WAEZ
- Greeneville, Tennessee; United States;
- Broadcast area: Tri-Cities
- Frequency: 94.9 MHz
- Branding: Electric 94.9

Programming
- Format: Mainstream Top 40
- Affiliations: Premiere Networks

Ownership
- Owner: Bristol Broadcasting Company
- Sister stations: WEXX, WFHG-FM, WLNQ, WNPC, WWTB, WXBQ-FM

History
- Former call signs: WGRV-FM (1956–1966); WOFM (1966–1982); WOKM (09/27/1982) WIKQ (09/27/1982–07/31/2000) WPJO (07/31/2000– 08/07/2000);

Technical information
- Licensing authority: FCC
- Facility ID: 54601
- Class: C0
- ERP: 100,000 watts horizontal 87,000 watts vertical
- HAAT: 332 meters (1,089 ft)
- Transmitter coordinates: 36°04′34.00″N 82°41′28.00″W﻿ / ﻿36.0761111°N 82.6911111°W
- Translator: 95.3 W237DV (Kingsport)

Links
- Public license information: Public file; LMS;
- Webcast: Listen Live
- Website: www.electric949.com

= WAEZ =

WAEZ (94.9 FM) is a United States Mainstream Top 40 radio station serving the Tri-Cities TN-VA Metropolitan Statistical Area with an ERP of 100,000 watts. It is licensed to Greeneville, Tennessee. The station started out as a Top 40 station until 2004, when the station went with a Hot AC format, but due to lower ratings, the station reverted to the Top 40 format in early 2006. WAEZ is owned by Bristol Broadcasting Company, along with "twin stations" WVSR-FM (Electric 102.7) in Charleston, West Virginia, and WDDJ-FM (Electric 96.9) in Paducah, Kentucky. The station targets active young adult females ages 18 to 34, according to Bristol Broadcasting.

==History==
On January 4, 1956, the Federal Communications Commission granted a construction permit to Radio Greeneville, Inc., to build a new FM radio station in Greeneville. The station was on the air by July. It changed its call sign to WOFM on June 9, 1966. The station was airing a country music format by 1979. The call letters changed to WIKQ in 1982, and by 1985 the station was airing an adult contemporary format, utilizing a format from the Satellite Music Network. However, it was far behind WTFM, its direct format competitor, in the ratings.

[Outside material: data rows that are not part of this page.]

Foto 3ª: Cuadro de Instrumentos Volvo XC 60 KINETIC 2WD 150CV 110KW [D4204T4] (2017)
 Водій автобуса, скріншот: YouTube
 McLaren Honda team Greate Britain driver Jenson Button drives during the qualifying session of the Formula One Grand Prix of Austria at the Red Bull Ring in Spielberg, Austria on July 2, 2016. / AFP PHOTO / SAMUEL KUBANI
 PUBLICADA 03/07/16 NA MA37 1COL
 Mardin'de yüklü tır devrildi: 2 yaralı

The WAEZ format and call sign moved from 99.3 MHz in 2000. The WIKQ call sign moved to 103.1 MHz in Tusculum.

In 2011, Bristol Broadcasting purchased a translator (W237DV), which it uses to rebroadcast WAEZ on 95.3 in Kingsport, Tennessee. Previously, WAEZ dealt with many (terrain) issues getting the main signal into parts of Kingsport.